10 décembre 2007
Grenelle de l'environnement : illusion perdue ?
Tout changer pour que rien ne change. Une fois de plus, c’est la devise du Guépard que l’on risque de devoir appliquer au Grenelle de l’environnement et la déception pourrait être à la hauteur des espoirs que cette grand’messe avait naïvement suscités.
Nous avions là deux ministres dont la sincérité de l’engagement écologique ne saurait être mise en doute. Associant douceur et fermeté, ils avaient réussi l’exploit de rassembler autour de la table paysans bio et exploitants agro-industriels, ONG environnementales et chimistes – un exploit digne de celui d’un Clinton à Camp David.
Hormis les inflexibles de l’anti-nucléaire, tout le monde était là et tout le monde était reparti plutôt content.

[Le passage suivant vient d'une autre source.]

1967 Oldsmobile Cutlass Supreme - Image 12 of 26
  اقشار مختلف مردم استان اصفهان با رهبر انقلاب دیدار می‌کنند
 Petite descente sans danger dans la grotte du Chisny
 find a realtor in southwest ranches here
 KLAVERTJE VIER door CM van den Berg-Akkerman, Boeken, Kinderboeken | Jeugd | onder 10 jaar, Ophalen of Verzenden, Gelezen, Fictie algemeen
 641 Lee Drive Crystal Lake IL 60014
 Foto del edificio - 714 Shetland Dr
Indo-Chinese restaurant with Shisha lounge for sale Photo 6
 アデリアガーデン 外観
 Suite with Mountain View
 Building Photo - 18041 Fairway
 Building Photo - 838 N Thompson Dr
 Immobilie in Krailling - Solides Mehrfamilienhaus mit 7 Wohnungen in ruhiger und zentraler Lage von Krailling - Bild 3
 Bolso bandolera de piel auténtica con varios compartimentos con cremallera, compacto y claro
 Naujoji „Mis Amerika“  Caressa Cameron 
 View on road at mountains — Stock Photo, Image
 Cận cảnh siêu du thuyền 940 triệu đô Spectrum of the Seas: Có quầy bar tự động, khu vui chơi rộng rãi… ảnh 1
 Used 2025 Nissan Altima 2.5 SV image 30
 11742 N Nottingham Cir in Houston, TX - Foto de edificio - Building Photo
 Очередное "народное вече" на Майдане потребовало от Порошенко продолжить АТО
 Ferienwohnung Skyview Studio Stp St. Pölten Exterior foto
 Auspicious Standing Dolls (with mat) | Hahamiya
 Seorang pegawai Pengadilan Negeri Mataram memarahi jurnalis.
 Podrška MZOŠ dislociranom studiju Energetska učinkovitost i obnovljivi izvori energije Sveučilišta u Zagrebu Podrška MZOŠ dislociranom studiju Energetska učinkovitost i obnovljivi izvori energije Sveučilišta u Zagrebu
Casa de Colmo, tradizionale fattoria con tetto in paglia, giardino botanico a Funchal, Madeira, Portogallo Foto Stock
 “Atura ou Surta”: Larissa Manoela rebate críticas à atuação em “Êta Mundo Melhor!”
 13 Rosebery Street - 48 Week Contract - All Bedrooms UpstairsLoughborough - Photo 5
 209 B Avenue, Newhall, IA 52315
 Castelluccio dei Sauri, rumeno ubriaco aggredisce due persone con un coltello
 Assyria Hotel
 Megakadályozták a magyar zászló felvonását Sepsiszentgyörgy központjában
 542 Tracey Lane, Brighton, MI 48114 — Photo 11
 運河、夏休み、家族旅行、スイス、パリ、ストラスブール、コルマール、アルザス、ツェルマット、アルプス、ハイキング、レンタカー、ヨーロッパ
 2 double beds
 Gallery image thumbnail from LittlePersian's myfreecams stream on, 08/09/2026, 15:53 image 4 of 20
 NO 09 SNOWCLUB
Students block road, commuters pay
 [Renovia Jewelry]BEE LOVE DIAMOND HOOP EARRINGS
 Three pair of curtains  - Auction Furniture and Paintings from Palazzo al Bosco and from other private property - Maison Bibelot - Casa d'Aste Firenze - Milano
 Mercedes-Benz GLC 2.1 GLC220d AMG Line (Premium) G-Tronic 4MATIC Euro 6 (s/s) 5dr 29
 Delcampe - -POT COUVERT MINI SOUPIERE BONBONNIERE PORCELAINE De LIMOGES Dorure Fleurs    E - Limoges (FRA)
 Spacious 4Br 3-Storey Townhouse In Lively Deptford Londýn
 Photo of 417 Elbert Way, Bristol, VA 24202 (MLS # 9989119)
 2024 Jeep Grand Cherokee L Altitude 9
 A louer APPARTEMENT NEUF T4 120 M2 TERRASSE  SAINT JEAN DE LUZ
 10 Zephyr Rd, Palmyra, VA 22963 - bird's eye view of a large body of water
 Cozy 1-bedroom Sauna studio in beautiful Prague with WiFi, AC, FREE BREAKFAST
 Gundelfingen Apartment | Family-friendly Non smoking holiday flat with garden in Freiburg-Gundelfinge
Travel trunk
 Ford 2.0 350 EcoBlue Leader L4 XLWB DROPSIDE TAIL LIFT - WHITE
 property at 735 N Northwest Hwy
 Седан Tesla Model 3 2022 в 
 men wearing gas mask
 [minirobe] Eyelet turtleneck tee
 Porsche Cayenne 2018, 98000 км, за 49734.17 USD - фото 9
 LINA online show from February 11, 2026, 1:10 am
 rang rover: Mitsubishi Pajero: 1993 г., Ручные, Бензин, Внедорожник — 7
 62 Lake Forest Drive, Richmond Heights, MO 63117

Et puis, peu à peu, le mirage s’estompe.
La divinité bagnole ? Elle reste sur son trône. Non content de ne pas imposer aux constructeurs de limitation de vitesse à leurs bolides, non content de ne pas donner de vrais encouragements à la recherche de carburants alternatifs (l’hydrogène, seule vraie solution d’avenir, est toujours interdit en France !), il aura suffi de quelques courriels de mécontents pour que le ministère renonce à abaisser à 120 km/h la vitesse maximale sur autoroute, comme c’est déjà le cas depuis longtemps en Suisse ou dans les pays nordiques. Au lieu de cela, on met en avant la solution contestable des biocarburants, pour la plus grande joie de – devinez qui ? – les céréaliers.
Les OGM ? Une vraie farce ! On suspend leur semence pendant toute la saison où l’on ne sème pas. Dès le retour du printemps, quand il sera temps de semer, on verra revenir hirondelles et OGM.
Les pesticides ? Alors que leur nocivité pour la santé et l'environnement est amplement démontrée, peut-on encore croire à la volonté ministérielle de réduire leur usage? Dans les Antilles, région sinistrée, le président du Cran vient de démissionner de la mission d’enquête que lui avait confié le ministre Borloo, ne supportant plus, selon ses dires, les pressions lui interdisant toute mise en cause du bien nommé chlordécone, ce pesticide ravageur.
Bref, comme en politique étrangère, c’est la Real Politik qui prend très vite le relais après les belles envolées. On préfère la culpabilisation du simple citoyen à la pression sur ceux à qui la dégradation de l'environnement rapporte des fortunes. Et notre prince – président, pas si puissant qu’il n’en a l’air, apparaît de plus en plus comme le représentant de commerce et le chargé de com des bons vieux lobbies industriels, vrais maîtres de la France.